A esa tensión se agrega que la mayoría de los países establece algún mecanismo para lograr que la supremacía constitucional (la superioridad de la Constitución sobre todas las demás normas del sistema) se haga efectiva, que se respete. Esto se llama control de constitucionalidad y no surge de la propia norma, sino que fue creado por los jueces.

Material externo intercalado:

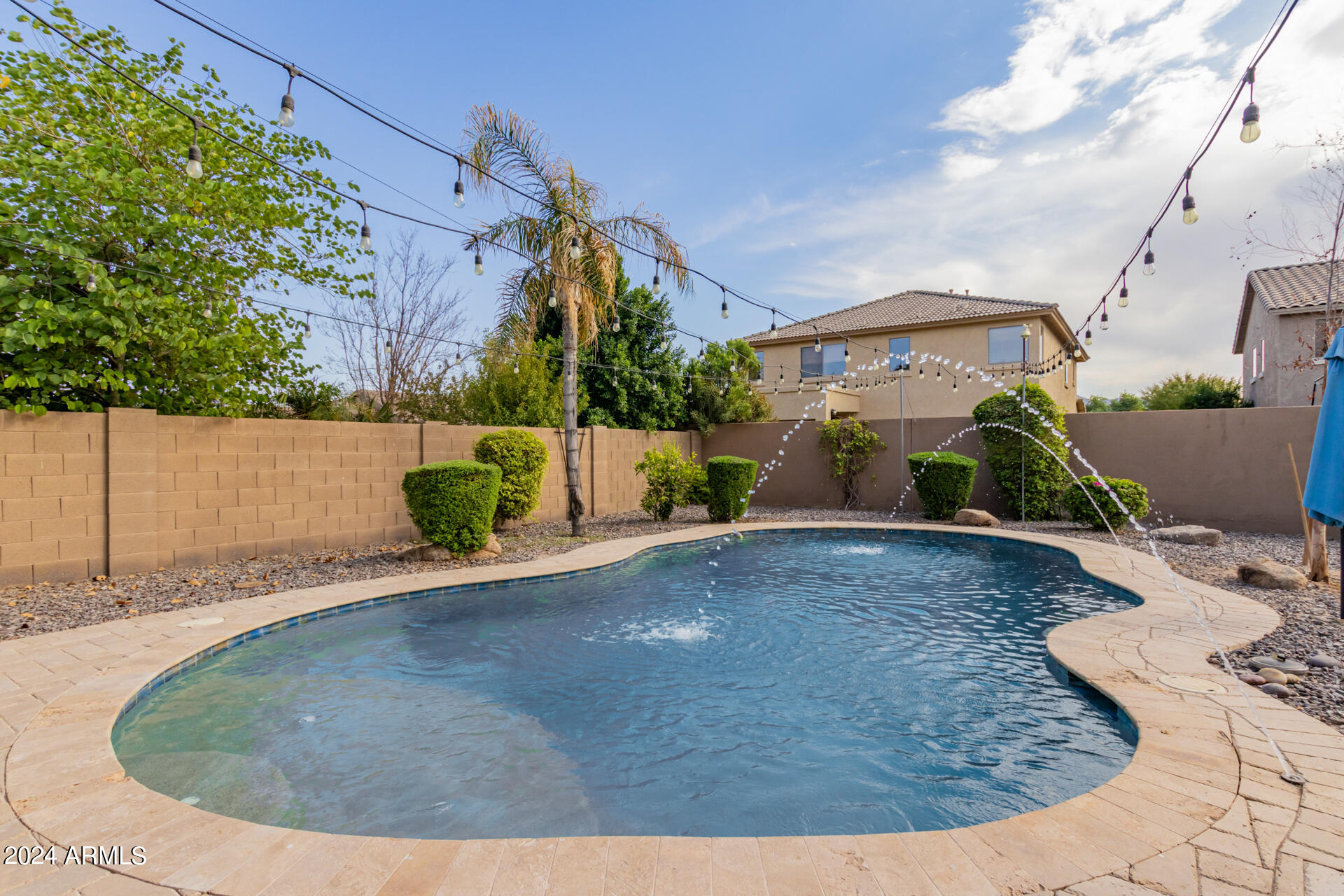 3353 East Blue Ridge Way Gilbert, AZ 85298 - Photo 34 of 50 an outdoor view with yard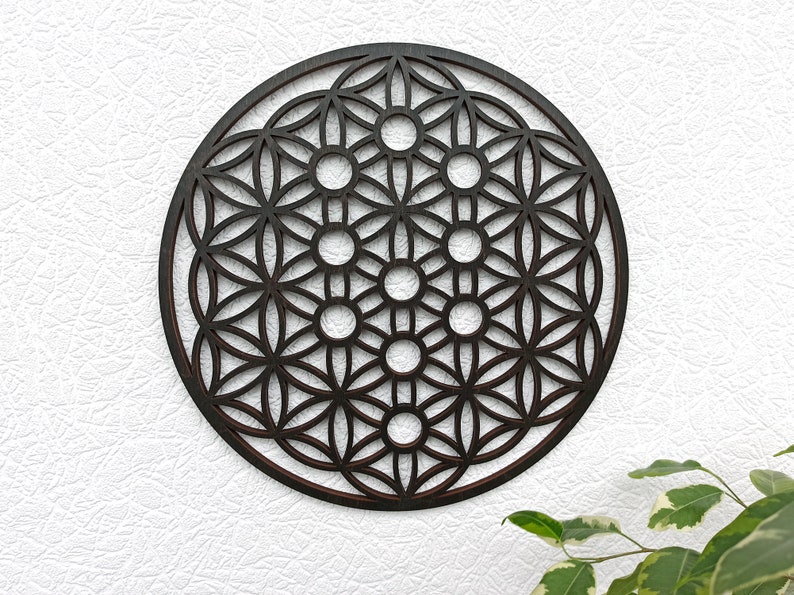 May include: A dark brown wooden wall hanging in the shape of a circle with a geometric pattern of overlapping circles and flower shapes. The pattern is known as the Flower of Life.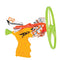 Toy stunt flyer launcher displays bright yellow molded handle, orange and white patterned airplane body and wide green rotor ring designed for energetic outdoor flight on a clean white backdrop.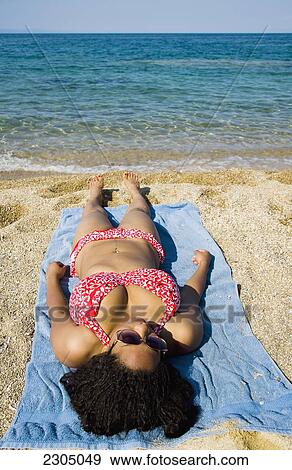 Stock Photo - Greece, Halkidiki, Woman sunbathing on beach; Ierissos. Fotosearch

El sistema europeo de control es muy distinto del argentino, que fue copiado de Estados Unidos. Nuestro sistema es judicial (lo hacen los jueces), es difuso (lo puede hacer cualquier juez, o sea, cualquier juez en la Argentina puede declarar inconstitucional una norma), requiere de un caso concreto (alguien tiene que pedir la inconstitucionalidad, sea una persona, una empresa, una provincia, etc.) y tiene efectos solo para ese caso concreto.
El efecto para el caso concreto en Estados Unidos es algo distinto por la regla del precedente, que hace que los mismos casos se traten de la misma manera. En la Argentina esto no ocurre: un juez puede decir una cosa y otro juez puede decir otra. Incluso la propia Corte Suprema cuando cambia su integración también puede cambiar de opinión sobre la constitucionalidad de una norma en caso similares. Por ejemplo, la criminalización de la tenencia de drogas para consumo personal fue constitucional en la dictadura, inconstitucional durante la transición democrática por una decisión de la Corte de Alfonsín, nuevamente constitucional con la Corte menemista y, por último, inconstitucional por un fallo de 2009. Misma ley, hechos similares, mismo Tribunal, distintos jueces. ¿Seguridad jurídica? Te la debo.